- _What the task requires_: Which lines run from the one containing "Customized Design Pig" to the end of the material below? Copy them exactly, pictures excluded.

[Data to process Boundary: Start]

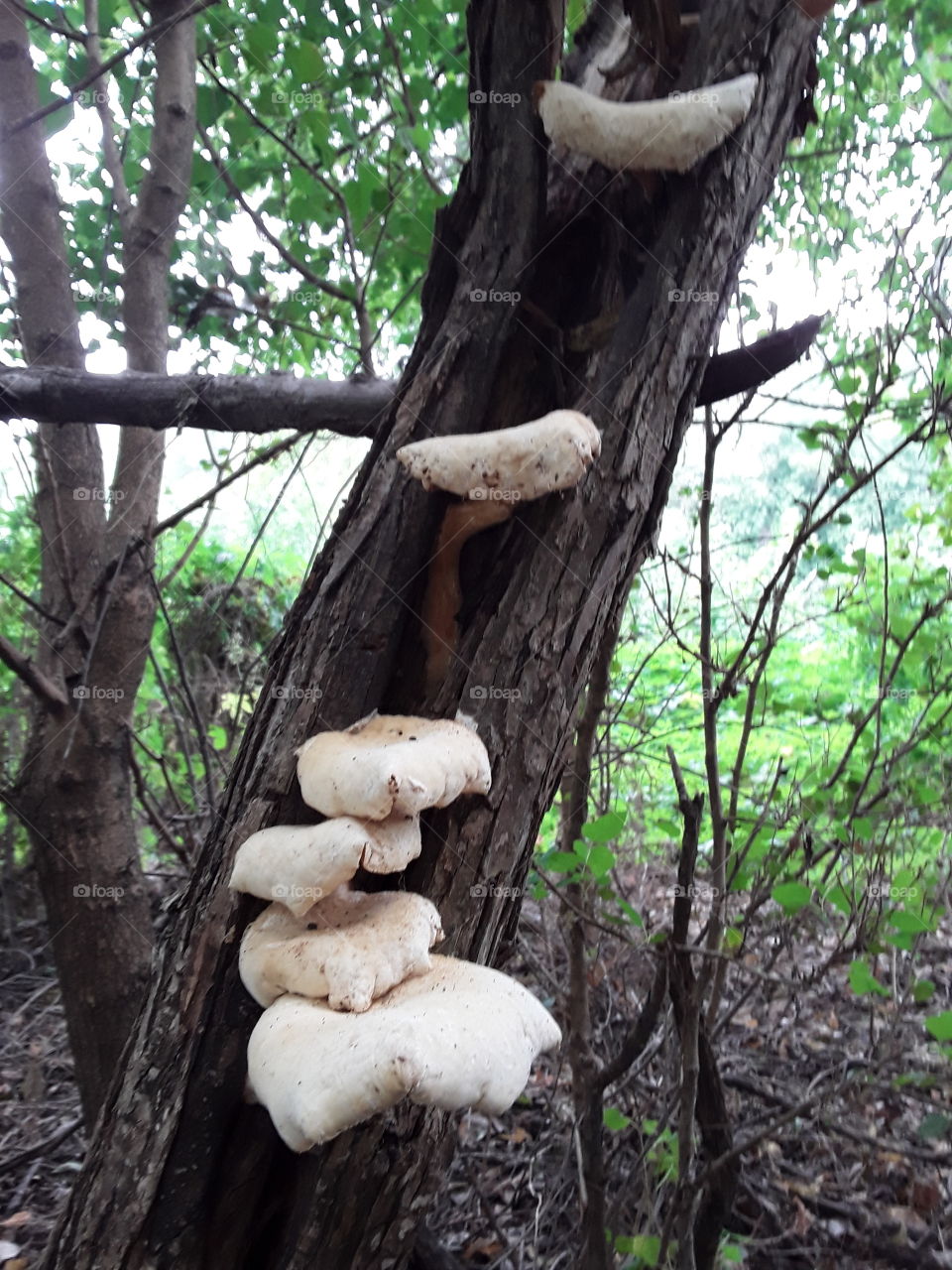 more mushrooms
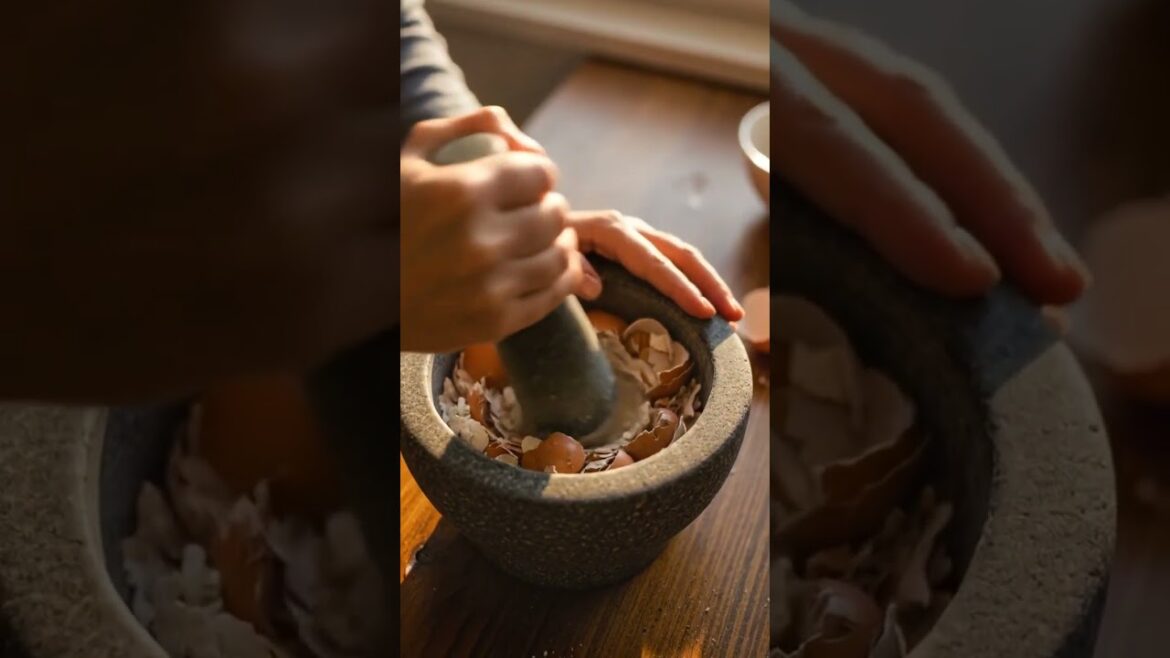 Useless Eggshells? Try This CALCIUM TRICK! | Gardening Tips #gardenhacks #garden #садоводничество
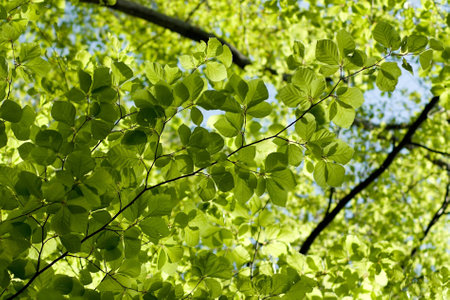 young beech leaves as a background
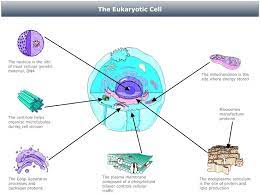 Example Image Eukaryotic Cell Diagram Cell Diagram Eukaryotic Cell Biology Diagrams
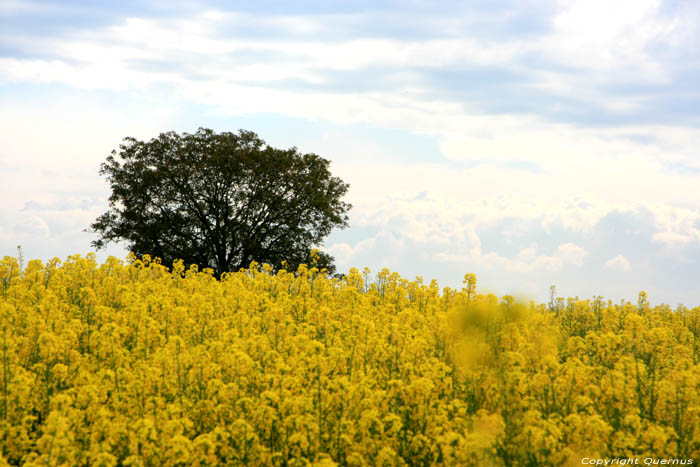 Paysage Charroux / FRANCE 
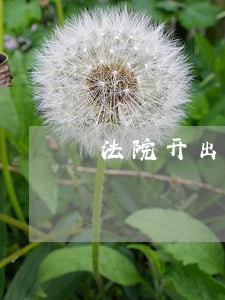 法院开出首份律师调查令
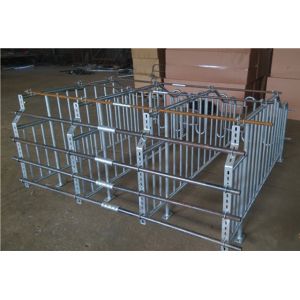 Customized Design Pig Gestation Crates With Cast Iron Feeders Or Ss Sow Feeders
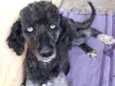 Bela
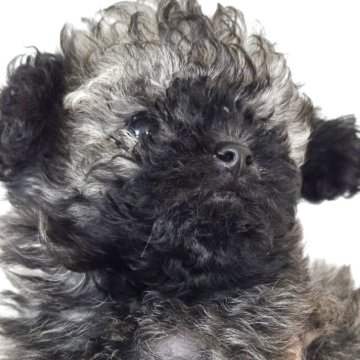 トイプードル(タイニー)【茨城県・男の子・2025年8月15日・シルバーベージュ】の写真「韓国輸入犬二世代目 タイニーサイズシルバー系男の子」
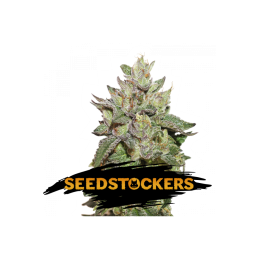 WEDDING CAKE SeedStockers - Sativagrowshop.com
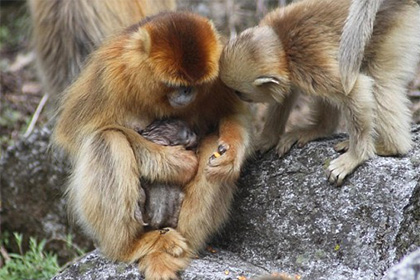 Ученые впервые увидели обезьян-акушерок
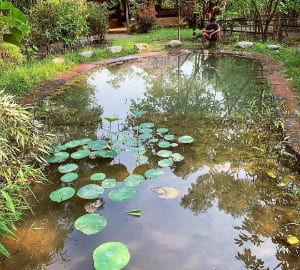 mud-house-in-jim-corbett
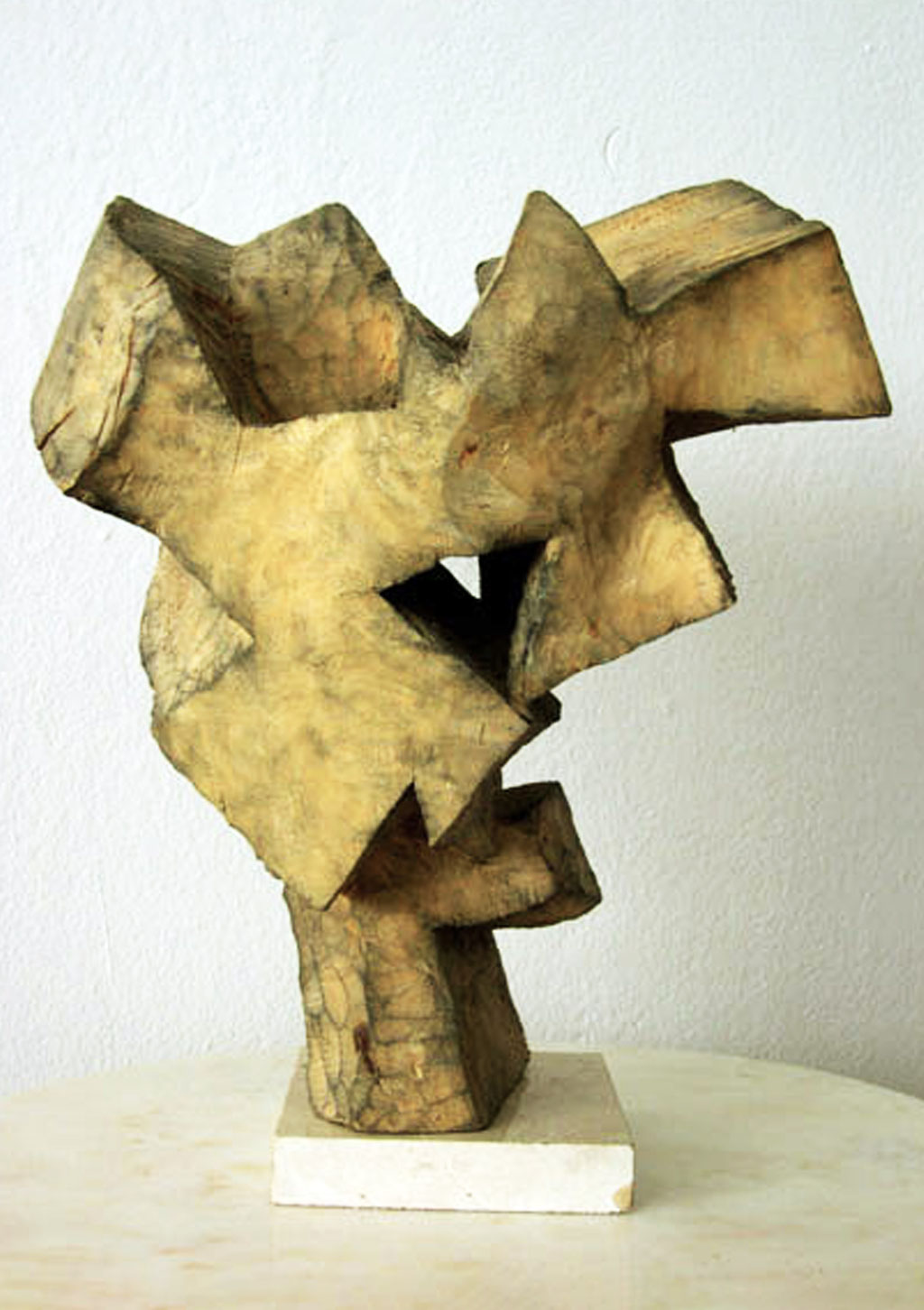 Cabeza de pajaros.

[Data to process Boundary: End]

- _Expected answer_:
 Customized Design Pig Gestation Crates With Cast Iron Feeders Or Ss Sow Feeders
 Bela
 トイプードル(タイニー)【茨城県・男の子・2025年8月15日・シルバーベージュ】の写真「韓国輸入犬二世代目 タイニーサイズシルバー系男の子」
 WEDDING CAKE SeedStockers - Sativagrowshop.com
 Ученые впервые увидели обезьян-акушерок
 mud-house-in-jim-corbett
 Cabeza de pajaros.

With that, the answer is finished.